Root cause analysis is a way to determine how a problematic event occurred by examining why, how and when the casual factors happened after the fact. When a system breaks or changes, investigation should be performed to have a full understanding of the event. Root cause analysis is a step beyond problem solving, which is corrective action taken when the event occurs.
The purpose of root cause analysis is to reduce risk to the overall organization. The information discovered in this process can inform how teams enhance systems' reliability. The main areas that benefit from the information discovered in root cause analysis are:
- Process improvement;
- Configuration changes;
- System improvements and
- Staff training and knowledge improvement.
A feedback loop from the troubleshooters to the operators enables a company to know what events occurred to cause a problem and how to prevent it in the future, if that is possible.
Root cause analysis methods
The most popular method of root cause analysis is known as the 5 Whys: Define the problem, and keep asking 'why' questions to each answer. Keep digging until you really get to the reasons that explain the 'why' of what happened. The number five in the methodology's name is just a guide, as it may take fewer or more 'why' questions to get to answers that really show the root cause of the originally defined problem.
Beyond the 5 Whys method, another popular approach to root cause analysis is to create a cause and effect diagram, also known as a fishbone diagram, where the problem is defined in the head of the fishbone shape, and cause and effects splay out below it. Possible causes are linked to categories, which all connect to the spine of the fishbone and give an overall view of what areas have which problems that led to the event that occurred. There are several other root cause analysis methodologies, and professionals who focus on root cause analysis and reliability improvement should understand multiple methods to use the appropriate one for a given scenario.
Successful root cause analysis depends on good communication within the group and staff involved in a system. Debriefing after an event has occurred -- often called a post-mortem -- can cover the already-known information around the event so that everyone involved knows the time frames of casual or related factors, their impact and resolution methods used. Post-mortem information sharing can lead to brainstorming around what needs to be investigated about the root cause, and who should look into what area.
Tools for root cause analysis
Root cause analysis is a process of human deduction paired with reporting tools. In IT organizations, application performance monitoring, infrastructure performance monitoring, systems management and cloud management tools collect data to inform root cause analysis. Some vendors also offer tools that collect and correlate the metrics from these various tools to suggest paths to remediate a problem or outage event. Tools that learn from prior events to suggest remediation actions in the future fall into the AIOps category.
In addition to monitoring and analysis tools, IT organizations rely on external sources for outage information. For example, an IT team might check Twitter to stay up-to-date on a cloud provider outage, or discuss a problem in a community Slack channel to get others' expertise on the root cause.

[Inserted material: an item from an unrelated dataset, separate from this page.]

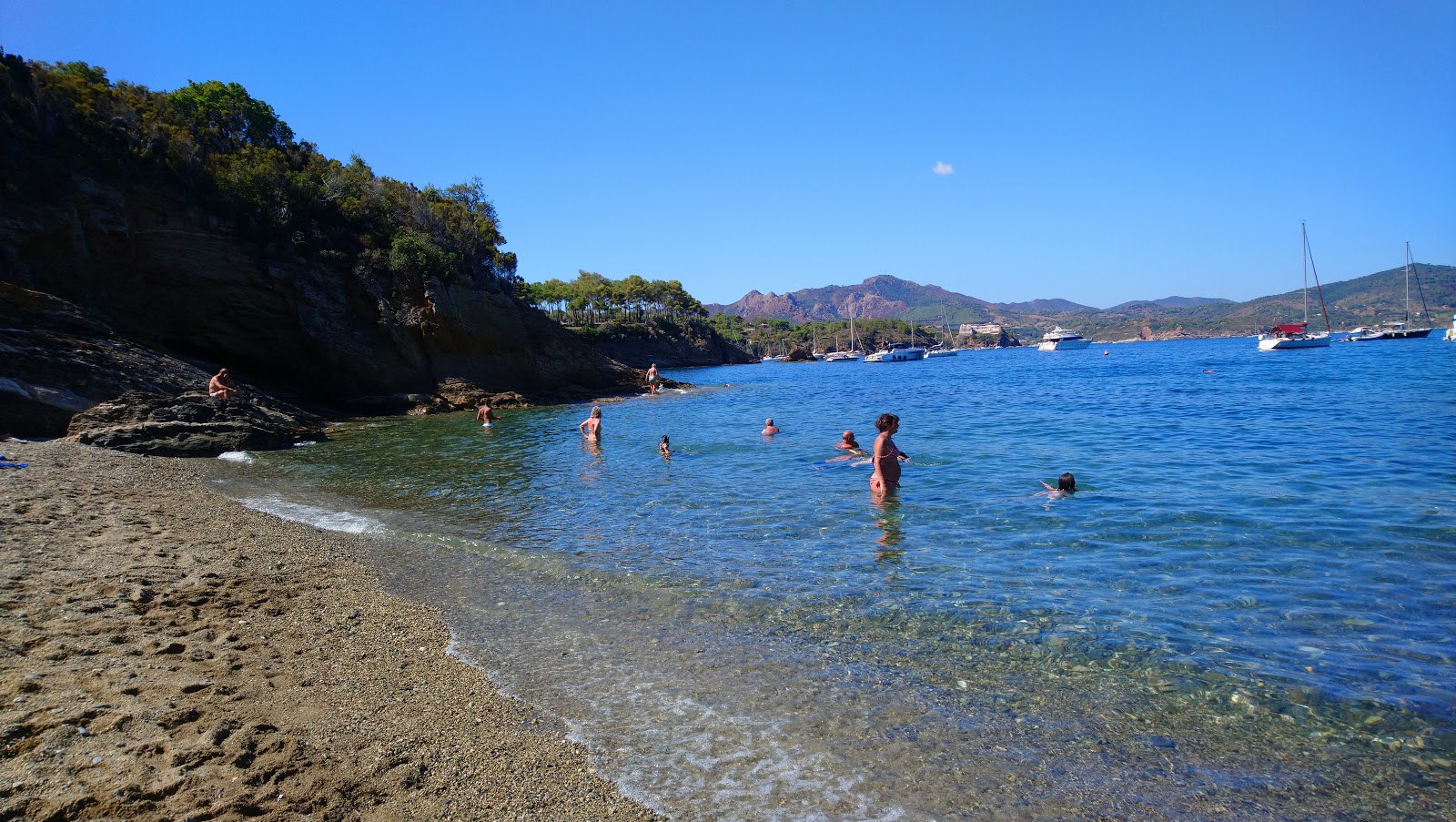 Foto de Calanova beach con agua cristalina superficie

Root cause analysis example
Users couldn't send or receive email messages for two hours, and the boss wants to know what happened. The IT team is tasked with root cause analysis.
Using the 5 Whys method, they approach the issue:
Why did emails stop working? Because mail flow stopped.
Why did mail flow stop? Because someone installed patches during the day.
Why did this cause a two-hour outage? Because a patch disabled a service and it took that long during the chaos to troubleshoot and resolve the outage.
Why did the patch deploy during the day? Because the admin did not follow the rules in IT's processes to patch after business hours.
The answers to the 'why' questions give an outline of what happened and what went wrong. From this basis, the IT team can take action to improve the procedure for patches, and prevent this same situation from happening in the future.